Surprisingly and frustratingly the voyage is still continuing. But I refuse to title this entry in my diary at ‘ANTARCTICA ON 11.04.2008. I know Chitra will smile mischievously and say something deeply piercing, but I shall take the risk of subjecting myself to that. It is 11 in the morning, and I have just returned to my room from the deck, no land yet to be sighted. The voyage is still continuing! So annoying! For last few days when we all were playing the guessing game of when we would see the Goa shoreline, some more knowledgeable amongst us had confidently said that by 6 pm on the 10th April our mobiles would start getting the signals confirming that we were only two hours away from the Goa shoreline and by 6 am next morning we should be able to dock since the ship is not guided to the shore during night time; and hopefully we would touch our dear ‘mathrabhoomi’ by ten am. But, alas, it did not happen. By no stretch of imagination we are anywhere near the Antarctica, however, the unpredictability of Antarctica continues to cling to us and influence each and every decision of ours. Last night at about 9 pm, rumour spread in the dinning lounge that mobiles had started getting signals. Abondoning the party, people left their Scotch on the table to join the excitement on the deck. I rushed to my room climbing all the way to the top floor to fetch my mobile. But it all proved to be a hoax; there were no signals yet. What was surprising that the ship was standstill on the seas which appeared totally still. I had seen her once grinding to a halt in the pack ice on our return journey from the Larsemann Hill, but there was no pack ice here. Next morning we would know that one engine had developed some snag and while repair was being undertaken, the strong current had pushed back the ship by three nautical miles.
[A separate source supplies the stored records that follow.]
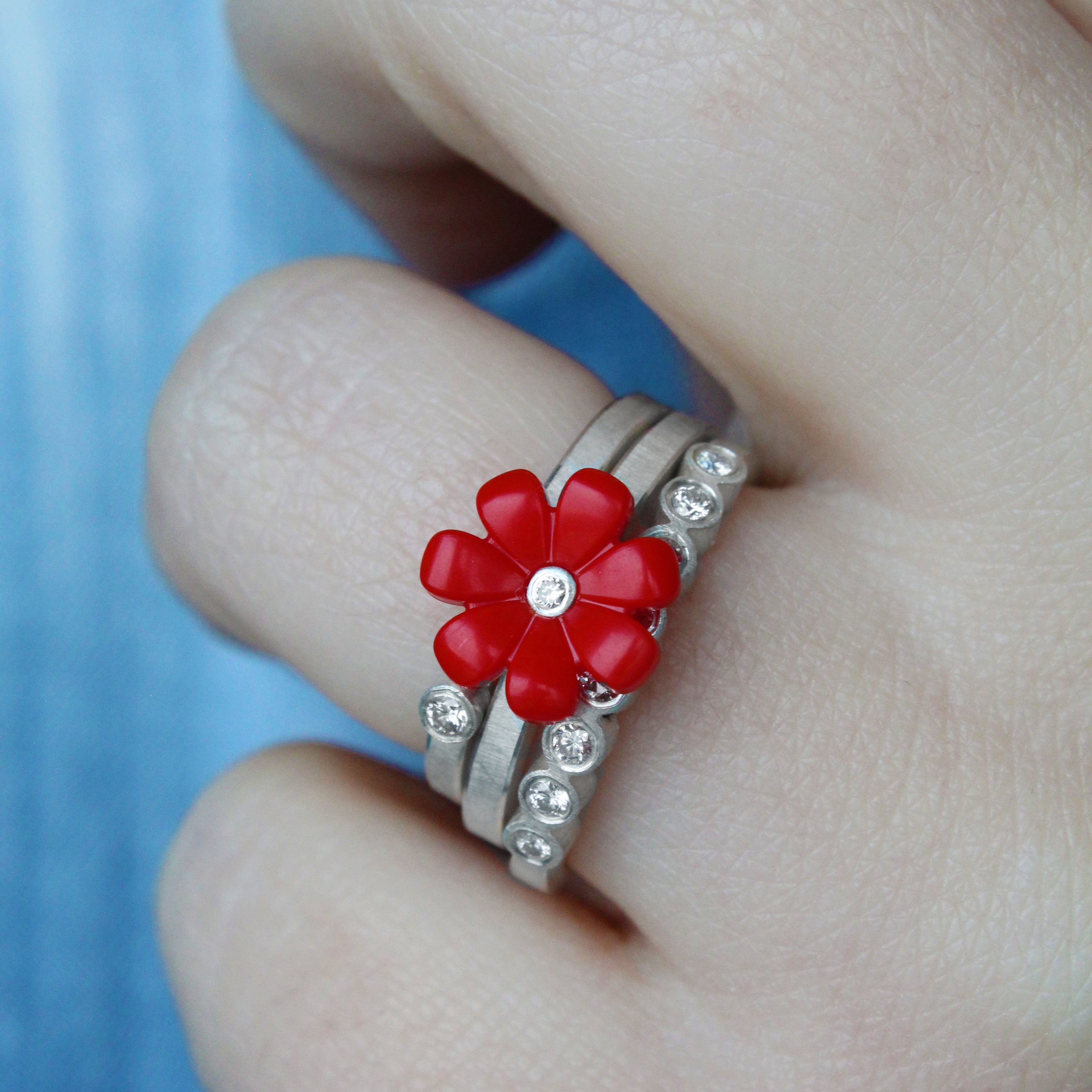 women displaying 3 sterling silver rings stacked on her finger. One has a red daisy with diamond in center, one is a band   sterling silver stackith one diamond set in a bezel and the other one has 8 diamonds going across on the top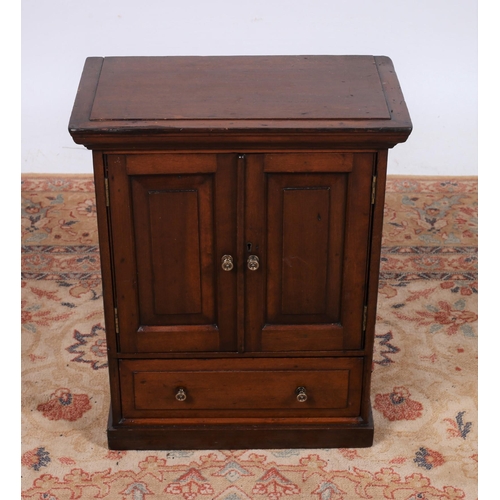 40 - AN EDWARDIAN MAHOGANY MINIATURE CABINET of rectangular outline the shaped top above a pair of panel ... 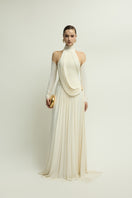 Elegant ivory gown from Jenny K Tran's EIRA collection, featuring a flowing design and soft, luxurious fabric.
Since this morning I am restless. I could manage only a few hours of sleep last night, and have been awake again since 4:00 in the morning. I try for some time to get back to sleep, and then leave the room at five to have some tea. I come out on the deck, the ship is sailing faster as if to compensate for the loss of three hours last night. There are still some stars visible in the sky. The wind is warm and humid, unlike any of which I had been enjoying all these past days. No birds or dolphins to be sighted. The tea tastes tasteless. I retire to my room. I am over with most of my packing. In last two days I have gone through print edition of most of my mails, and trashed them. I am now reading Chitra’s mails of last two months. How biting are her words! What Ishu says as her ‘wit or dry wit’, is sheer stabbing: “vain you have been all along; insufferable to live with a celebrity; don’t count on us, just count your fan mail; come by the slowest train, or better, just walk to extend your voyage; you have an MBA in remote management”
I do not have appetite for any breakfast. I make a strong cup of coffee for myself, but do not enjoy it. There is some activity on the deck, everyone out there has a mobile in his hand, however no luck so far. I join the group walking from fauxel, the frontmost area, to the stern, the last open space of the ship on the back, to find the vintage point to receive the signal. Very anxious moments indeed. Then at 11:30, someone shrieks that his mobile is getting a strong signal. Hurray, my mobile does not fail me. I scurry for a spot which gives me strongest signal. After five months of not using my mobile, I fiddle with its keys. I try Chitra’s mobile and in my first attempt it connects. It is reassuring talking to her, it is like a balm to my frayed nerves.